Przeskocz nawigację

Bejeweled na iPhone’a.

Nigdy go nie skasuję. Mam go od kiedy jest dostępny – będzie ponad dwa lata. Jestem w nim średni, rekordowo zrobiłem może ze 300 tysięcy punktów. Nic specjalnego.

Mam też kupione Angry Birds. Uruchomiłem może dwa-trzy razy, nie wciągnąłem się. Kupiłem też kilka innych gier – żadna nie wytrzymała konkurencji.

Ten Bejeweled jest dla mnie jak wąż na Nokii – nieśmiertelny.

6 Comments

  1. ha! przebijam, mam ponad 500 tysięcy w classic mode 😉

  2. To nie przebijasz, bo ja mam w trybie Blitz, czyli minutowym. Bez bonusów, bo nie używam FB connecta.

    BTW zaczynam znów blogować.

    • fajnie, będzie co czytać 😉

      a blitza jeszcze nie próbowałem

  3. Nareszcie kogoś naprawdę sensownego będzie można czytać!
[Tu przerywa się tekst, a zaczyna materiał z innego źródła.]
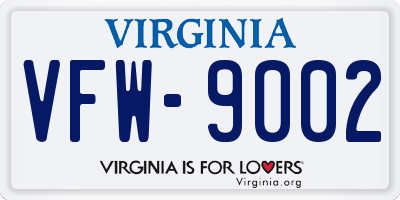 VA license plate VFW9002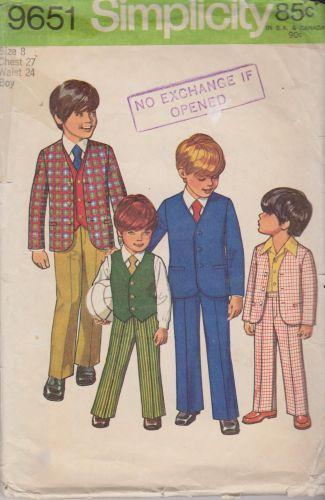 Simplicity 9651 Boys Jacket Pants Reversible Vest Vintage Sewing Pattern - VintageStitching - Vintage Sewing Patterns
    W 2011 roku rządził dalej Rock Band, wprowadzając parę zmian do gameplay’u, nowy sprzęt do grania i publikując naprawdę dobre DLC.Z innych gier jest na pewno Skyrim, trzecie Gearsy, które są świetnym zakończeniem trylogii, Forza Motorsport 4 po raz kolejny przytarła nosa GT, a Battlefield 3 przejął w multiplayerową komorę mojego serca. Mam jednak kaca moralnego, że w tak dużo gier w zeszłym roku nie grałem [*]

  4. Uwielbiam tego typu wpisy – cisza przez 1,5 roku i nagle z grubej rury, wracamy jak gdyby nigdy nic ;D

    A co do grania na iPhone’ie, troche sie zawiodłem, bo to był główny cel, dla którego go kupiłem – zabijanie nudy na wykład. Jednak dość szybko mi się znudziło, trochę w Angry Birds pograłem, trochę w Cat Physics, ale to wszystko. Może faktycznie Bejeweled spróbować?